Hydrophilicities of membrane surfaces
The static contact angles of resultant CL/PES composite NF membrane surfaces were shown in Fig. 4. Compared with the PES UF base membrane with a water contact angle of 96.1°, all of the CL/PES composite NF membranes were more hydrophilic because of the formation of the hydrophilic polyamide active layer on the top of PES UF membrane. The static contact angle of the CL/PES composite NF membranes decreased from 65.1 to 26.3° with increasing the CL concentration from 0.8 to 4.8 wt%. The higher the CL concentration in the aqueous phase, the more the hydrophilic groups such as polyamide and hydroxyl groups on the membrane surface, which might be the reason for the increase in the hydrophilicity of resultant CL NF membrane surface.
Fig. 4
Static contact angles of CL/PES composite NF membranes and PES UF membrane (CL concentration: 0 wt%).
Rejection performances
Rejection performances of the CL/PES composite hollow fiber NF membrane to different inorganic salt solutions
The rejection performances were evaluated with a variety of inorganic salt solutions. The CL/PES composite hollow fiber NF membranes were fabricated under the following conditions: immersion time in 3.2 wt% CL aqueous solution: 5 min, interfacial polymerization (IP) time: 120 s, TMC concentration: 0.25 wt%, and curing temperature: 90 °C. As shown in Fig. 5, the permeate flux (F) for a feed solution of ZnCl2, MgCl2, MgSO4, NaCl and Na2SO4 were 10.0, 10.3, 12.7, 14.6, and 14.2 L m−2 h−1, respectively. The rejections (R) decreased in an order of ZnCl2 (95.7%) > MgCl2 (95.1%) > MgSO4 (59.7%) > NaCl (27.6%) > Na2SO4 (22.3%), which could be explained by Donnan exclusion theory. Mg2+ has a higher positive valence than Na+, and SO42− has a higher negative valence than Cl−. High-valence cations carrying more positive charges lead to a stronger repulsion between the cations and the positively-charged CL/PES composite NF membrane. On the contrary, high-valence anions carrying more negative charges would have a stronger attraction to CL membrane.[35] The rejection of CL/PES composite NF membrane to ZnCl2 was higher than that to MgCl2. It could be explained by the steric hindrance because the size of Zn2+ is larger than that of Mg2+.[11]
Fig. 5
Rejection performances of CL/PES composite hollow fiber NF membrane to different inorganic salt solutions.
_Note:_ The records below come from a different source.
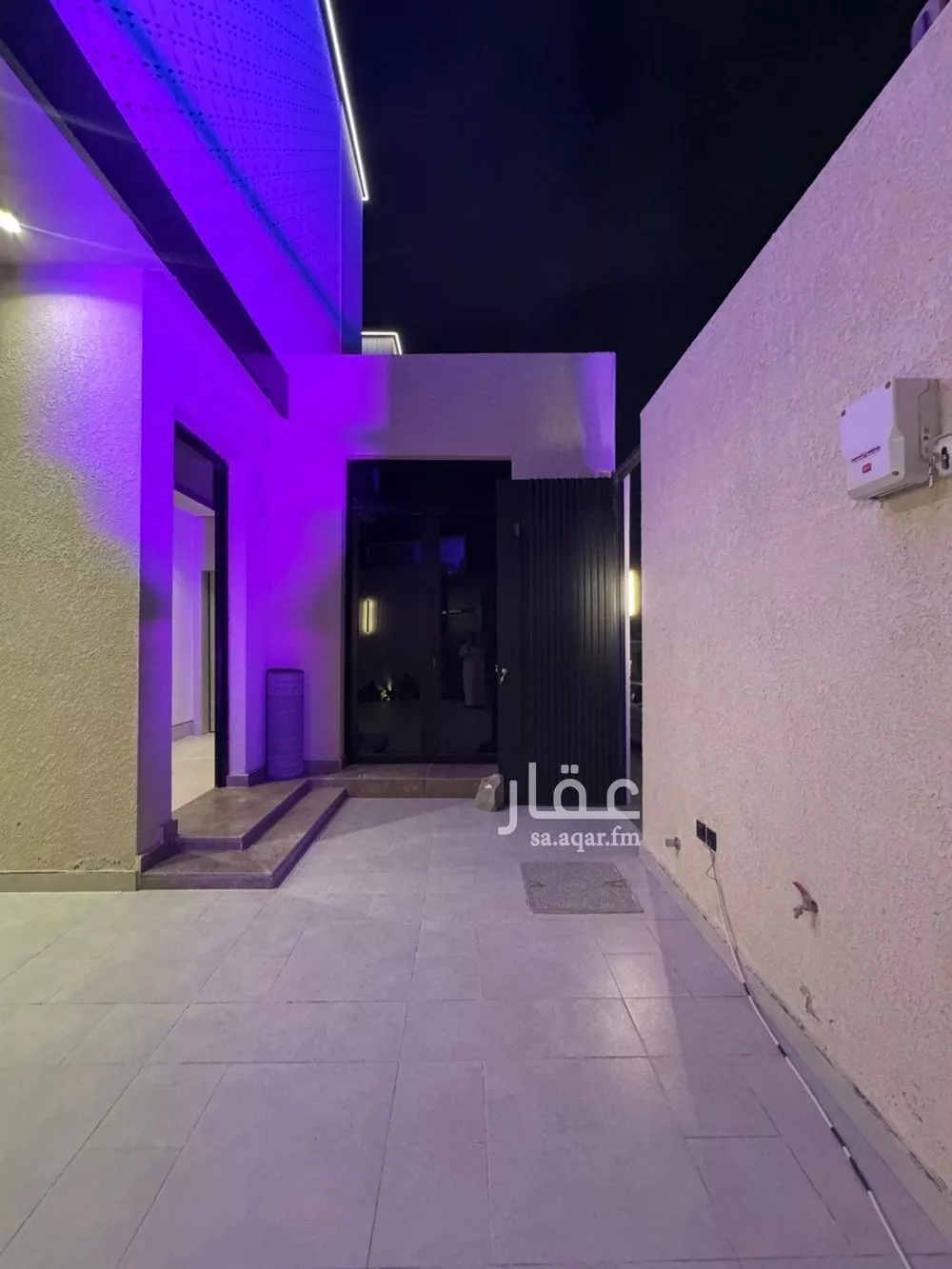 فيلا 6 غرف في النرجس 10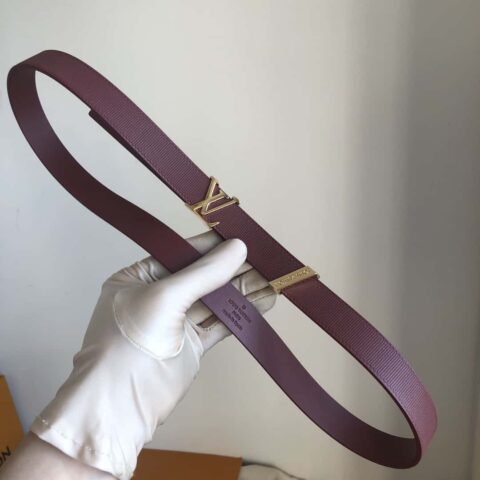LV 女款压纹小牛皮腰带 2.0CM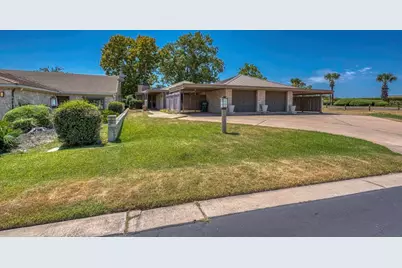 101-A Oasis, Horseshoe Bay, TX 78657 - Photo 2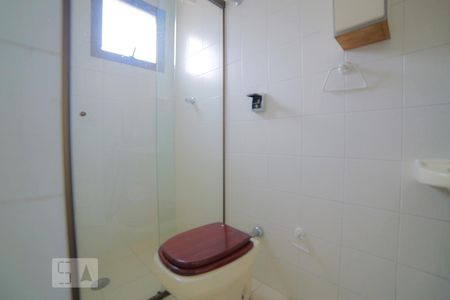 Apartamento à venda com 194m², 3 quartos e 3 vagas Apartamento à venda com 194m², 3 quartos e 3 vagasBanheiro Serviço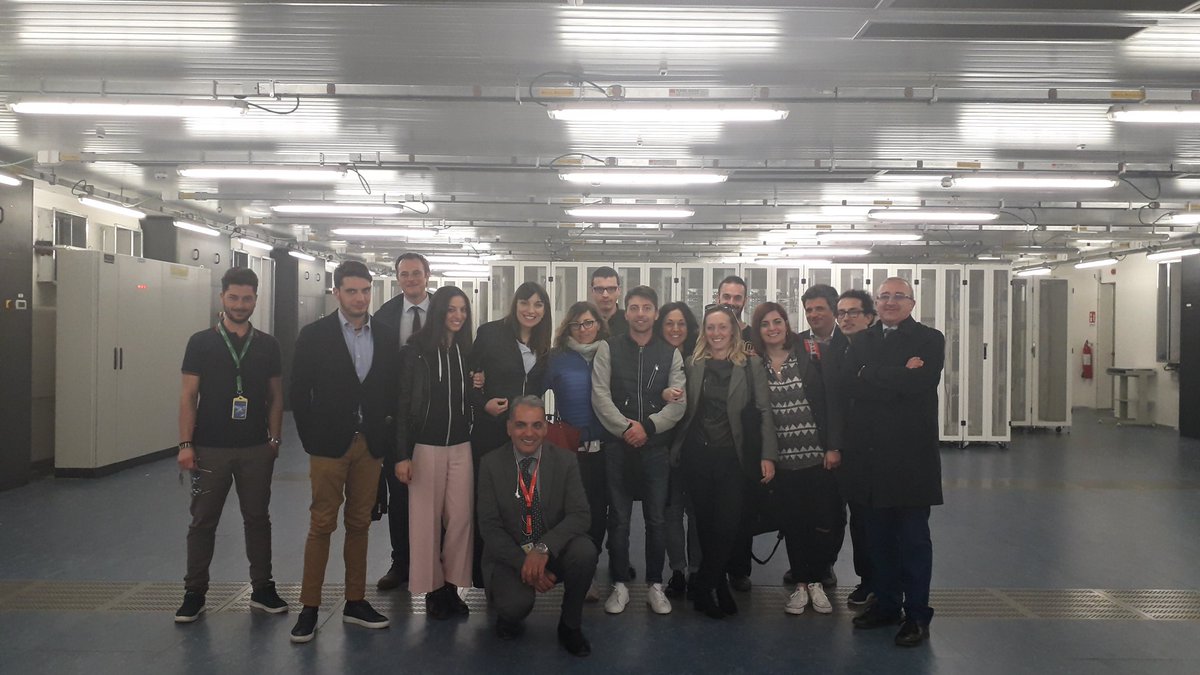 TIM_Enterprise's tweet photo. Si chiude con la visita in una delle sale del #TIMDataCenter la giornata che ha visto protagonisti gli studenti della @UniLUMSA ad Acilia.
@DrGiosi https://t.co/derpBwx7KL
Effects of preparation conditions on the rejection performances of CL/PES composite hollow-fiber NF membranes
Using the CL aqueous solutions with different concentration ranging from 0.1 to 0.3 wt%, the CL/PES composite hollow fiber NF membranes were fabricated under the following conditions: immersion time in the CL aqueous solution: 5 min, interfacial polymerization (IP) time: 120 s, TMC concentration: 0.25 wt%, and curing temperature: 90 °C. The rejection performances of the resultant CL/PES composite NF membranes were investigated, and the results were shown in Fig. 6. As seen from Fig. 6, with increasing CL concentration, the rejection (R) to MgCl2 solution increased gradually from 77.6 to 95.1%, and the permeate flux (F) decreased from 15.2 to 9.1 L m−2 h−1. This might be due to the formation of a more compact and thicker polyamide layer on top of the PES UF membrane with the increase in CL concentration.[35]
Fig. 6
Effect of CL concentrations on rejection performances of the CL/PES composite hollow fiber NF membranes.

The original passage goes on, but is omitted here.